Air Pollution and Cancer Rate Data Analysis
CSE891, Spring 2013
- Lisa Ossian
- Rattana Srijedsadarak
- Liyan Wang
The purpose of this project is to use computational techniques for large-scale data analysis. We decided to analyze air pollution and cancer data to see if we could find a relationship between them. Our project is comprised of four parts:
- Data collection: We collected air pollution data from the EPA and cancer data from the CDC.
- Data preprocessing: Each data set was preprocessed twice, once for cluster analysis and once for association rule mining.
- Data analysis: Cluster analysis was performed using the k-means clustering algorithm, with Euclidean distance as the distance measure.

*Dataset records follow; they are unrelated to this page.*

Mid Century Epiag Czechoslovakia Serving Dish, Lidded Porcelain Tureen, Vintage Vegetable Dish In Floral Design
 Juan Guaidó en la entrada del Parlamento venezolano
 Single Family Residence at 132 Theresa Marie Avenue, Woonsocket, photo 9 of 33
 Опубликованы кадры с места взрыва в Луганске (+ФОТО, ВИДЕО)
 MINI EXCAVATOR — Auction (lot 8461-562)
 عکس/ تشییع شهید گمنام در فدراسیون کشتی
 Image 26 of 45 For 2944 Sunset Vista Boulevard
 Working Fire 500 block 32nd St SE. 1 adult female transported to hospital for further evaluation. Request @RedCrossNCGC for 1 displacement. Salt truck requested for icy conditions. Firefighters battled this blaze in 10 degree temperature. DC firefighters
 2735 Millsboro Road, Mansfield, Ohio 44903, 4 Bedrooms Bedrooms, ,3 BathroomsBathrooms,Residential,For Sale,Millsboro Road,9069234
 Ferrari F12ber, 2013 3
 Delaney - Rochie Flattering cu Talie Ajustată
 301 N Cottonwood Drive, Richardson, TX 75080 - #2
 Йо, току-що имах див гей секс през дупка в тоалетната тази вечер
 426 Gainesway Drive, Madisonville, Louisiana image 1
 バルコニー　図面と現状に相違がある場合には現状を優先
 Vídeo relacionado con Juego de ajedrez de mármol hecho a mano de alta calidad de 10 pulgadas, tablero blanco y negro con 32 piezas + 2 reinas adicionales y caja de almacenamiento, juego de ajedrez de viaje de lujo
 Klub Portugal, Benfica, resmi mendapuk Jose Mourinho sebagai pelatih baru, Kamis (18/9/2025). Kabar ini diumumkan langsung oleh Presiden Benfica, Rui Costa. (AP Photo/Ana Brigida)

Association rule mining was performed using the apriori algorithm.
- Visualization: Clustering results are presented spatially using Google Fusion Tables. The frequent itemsets generated from the association rule mining results are presented in table form.
Association rule mining seems to suggest that there are some relationships between certain pollutants and certain types of cancer. Cluster analysis suggested that low sulfur dioxide pollution was associated with low cancer rates. Our data only ranged from 1999 to 2009, and this was a limitation. A larger range of data may have made it possible to perform regression. Deeper analysis and richer data is needed to find more interesting relationships between air pollution and cancer.